Short text fragments from websites
- - - - -
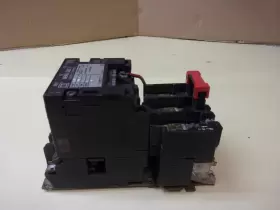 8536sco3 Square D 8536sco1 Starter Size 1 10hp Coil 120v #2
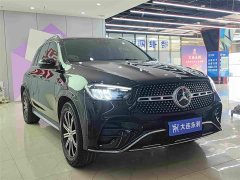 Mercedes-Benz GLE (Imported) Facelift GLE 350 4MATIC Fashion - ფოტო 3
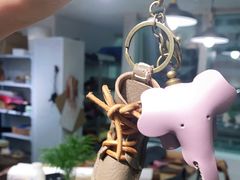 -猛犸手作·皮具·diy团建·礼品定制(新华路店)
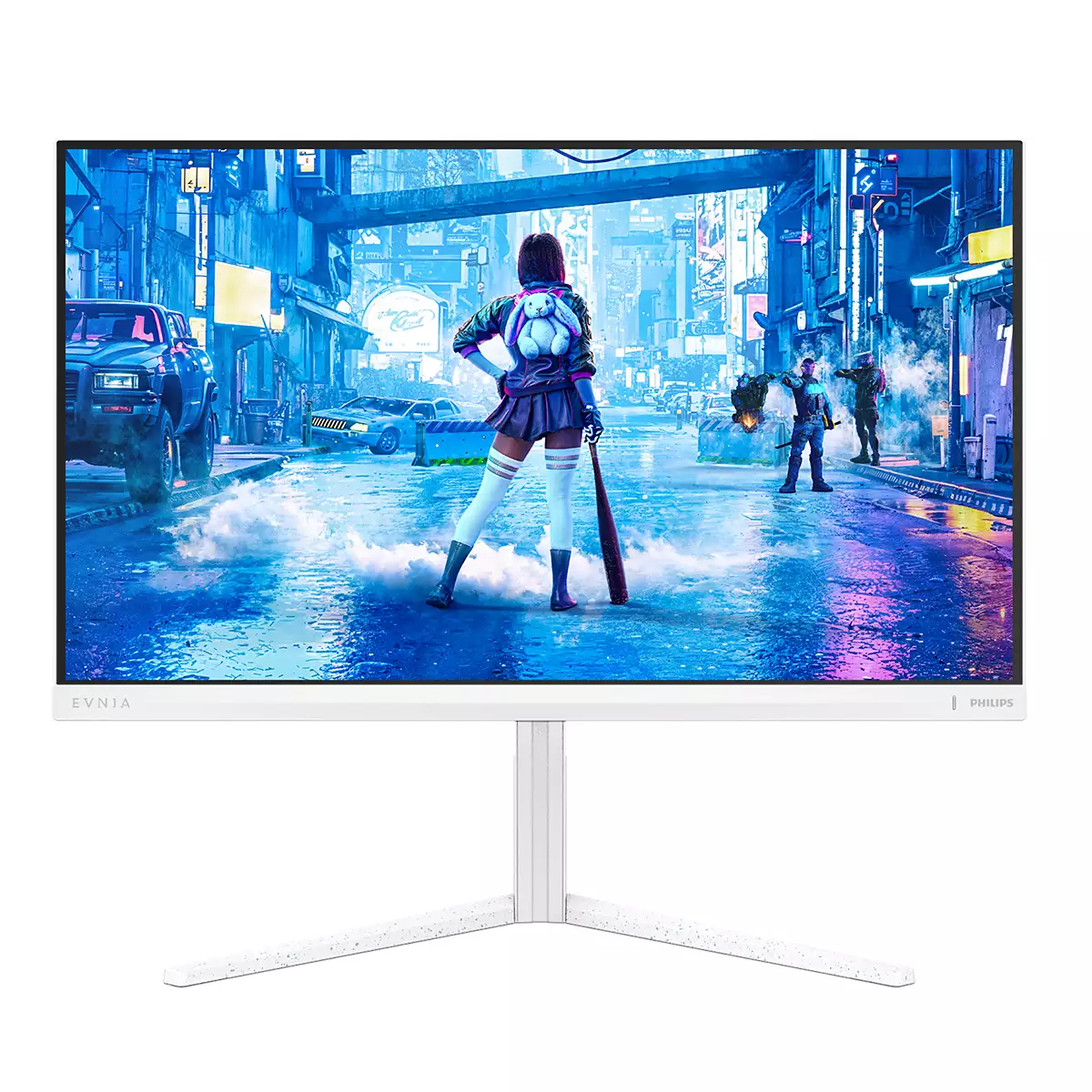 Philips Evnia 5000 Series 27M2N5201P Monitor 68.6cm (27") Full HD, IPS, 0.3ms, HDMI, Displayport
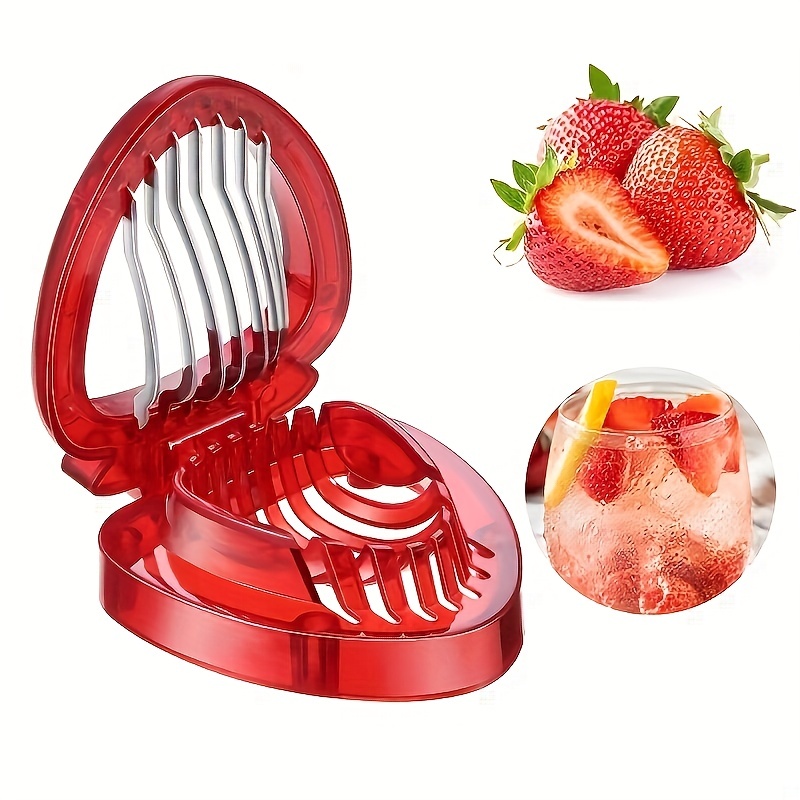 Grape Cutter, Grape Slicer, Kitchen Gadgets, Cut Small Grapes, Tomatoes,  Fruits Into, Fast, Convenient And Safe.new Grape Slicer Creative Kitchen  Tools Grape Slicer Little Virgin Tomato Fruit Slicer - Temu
- - - - -
> [GOAL OF THE EXERCISE]: Repeat the records exactly, without the pictures.

> [ANSWER]:
 8536sco3 Square D 8536sco1 Starter Size 1 10hp Coil 120v #2
 Mercedes-Benz GLE (Imported) Facelift GLE 350 4MATIC Fashion - ფოტო 3
 -猛犸手作·皮具·diy团建·礼品定制(新华路店)
 Philips Evnia 5000 Series 27M2N5201P Monitor 68.6cm (27") Full HD, IPS, 0.3ms, HDMI, Displayport
 Grape Cutter, Grape Slicer, Kitchen Gadgets, Cut Small Grapes, Tomatoes,  Fruits Into, Fast, Convenient And Safe.new Grape Slicer Creative Kitchen  Tools Grape Slicer Little Virgin Tomato Fruit Slicer - Temu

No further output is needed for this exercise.